Naturally, Ders and Blake’s plans go awry due to stupidity—some Adam’s, some theirs. Adam, his confidence restored by Mr. Blownoff’s call, demands to meet the guy, forcing Groundling Ryan Gaul (deadpanning as a stoned version of himself) to stand in. Meanwhile, Ders and Blake decide the only way out of the deception is to stage a terrorist raid with Karl to kidnap Blownoff after the stoned Gaul confuses “CPA” with “CIA” in his prepared backstory. The resulting action sequence, with Adam hanging onto the back of—then flipping over the top of—Karl’s van is a little perfunctory, but the guys’ reunion finds the right balance of silly and heartfelt. (Adam, confronted with the truth, can’t quite put the pieces together, screaming at Gaul, “Wait, are you a double agent?

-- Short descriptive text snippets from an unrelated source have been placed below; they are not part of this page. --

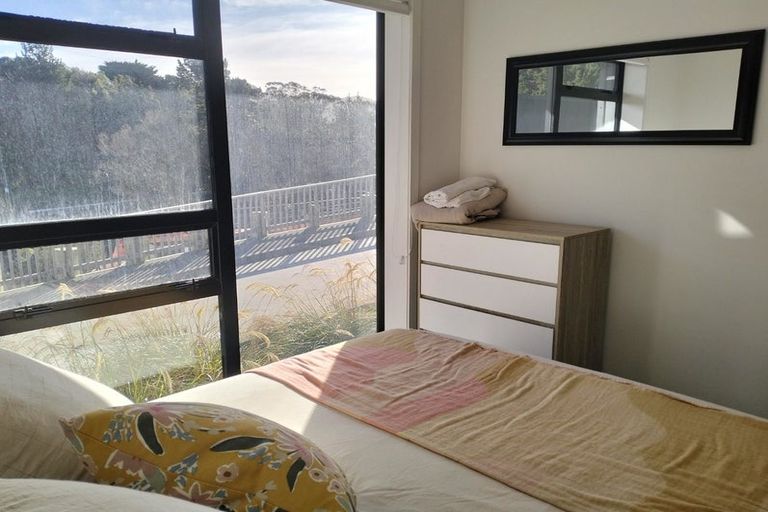 Photo of property in 2 Ara Paripari, Tawa, Wellington, 5028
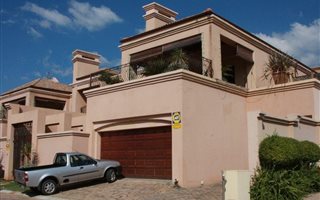 2 Bedroom Townhouse in Sunninghill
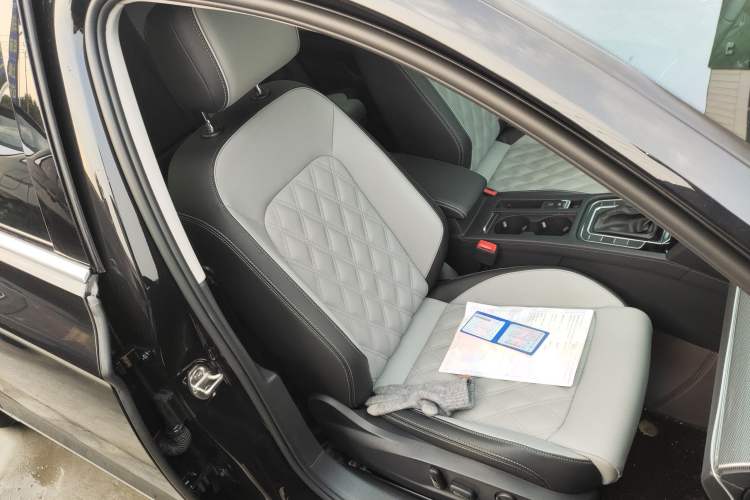 Used Volkswagen Magotan 2023 2 Million Units Limited Edition 330TSI DSG Leading Version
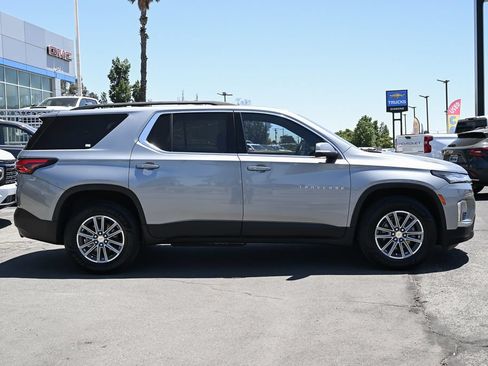 Used 2023 Chevrolet Traverse LT FWD image 4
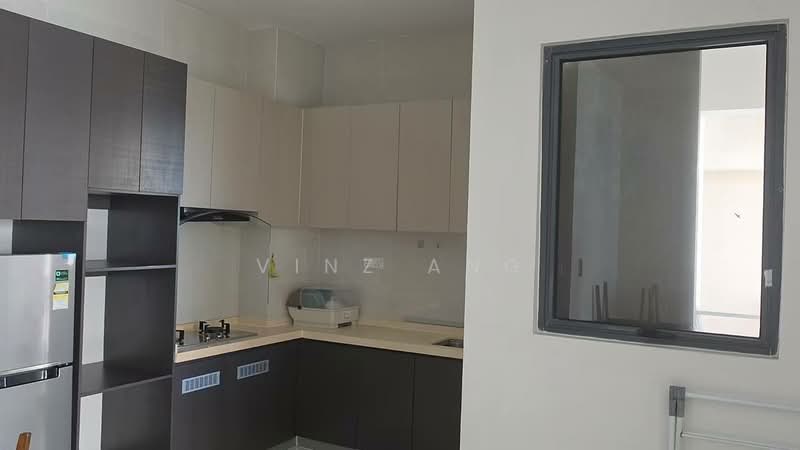 Condominium for Rent at Bay Laurel @ Country Garden Danga Bay - Vinz Ang - Kitchen - PropertyGuru.com.my
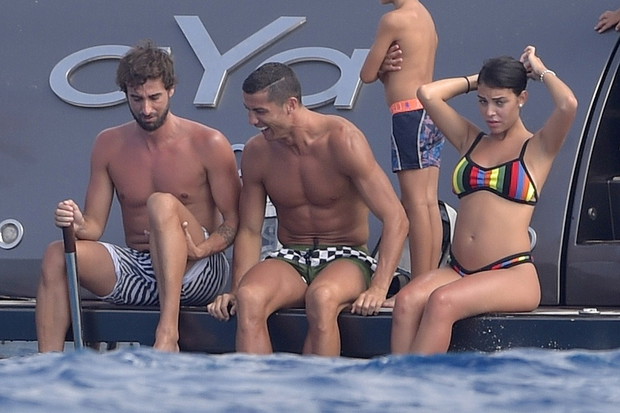 Cristiano Ronaldo z dziewczyn? w Hiszpanii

Who do you work for!”)


“Putting the characters to bed” truly seems the most appropriate metaphor for what DeVine, Anderson, and Holm are doing in season five. For all their chaotic, intermittently obnoxious antics, the guys have banded together for the sole and not unrelatable purpose of postponing the brutal mundanity of adulthood alongside the only other people who accept and understand them. If the creators—all of whom have attained some measure of success outside of the show—are looking to retire their sitcom avatars to a life of perpetual sloth, irresponsibility, video games, porn, and lots and lots of weed, then tucking them in with a season of episodes like “The Slump” is an improbably sweet way to do it.

Stray observations:

  • Despite being set at TelAmeriCorp this week, the supporting office mates only get a brief window to shine, although, as ever, I’m tickled at how Maribeth Monroe plays boss-lady Alice. Leading her pointless meeting, Alice’s hatred of her job, her underlings, and, one assumes, the choices that have led her there, sees her simply unable to speak a single word without her body and face subtly contorting in disgust.
Maribeth Monroe (Comedy Central)
  • This season sees Waymond’s inner lunatic emerging on the margins. There’s a reason he was the one Adam went to for help with his paper-cutter suicide plan.
  • The show’s entrenched niceness, in miniature: After Blake accidentally reveals the boat cruise model’s horrifyingly wounded eye under her pirate eye patch, he tries to calm her with, “Remember, it’s our imperfections that make us beautiful. I have a micropenis!”
  • So, if Ders and Blake wanted Adam to belive he was talking to a real, inspirational person on the phone, why did they give him a name Bart Simpson would use on a prank call to Moe’s. Not that Adam figures it out until they tell him. “I’ve been saying that all day!”
  • Upon hearing Gaul has done some commercials, all three of the guys are dismissive when he doesn’t know Flo from those insurance ads. “Then you’re not a real actor,” sneers Adam.
  • Gaul’s funny throughout, his name-dropping about studying with “Oscar winner Jim Rash” warring with his sheepishness about owing Karl so much money for weed.
  • Although he does call the Shakespeare play A Midsummer’s Night Dream. Chalk it up to all the weed.
  • Told that Dick Blownoff’s been sober for 15 years, Adam marvels, “Wow. I didn’t know that was even a thing you could do. No beer poops, so that’s cool.”
  • After the guys cover up their slip of “Sadam” with a story about being happy that Saddam Hussein is dead, Adam agrees with a relieved, “At least The Interview can come out now.”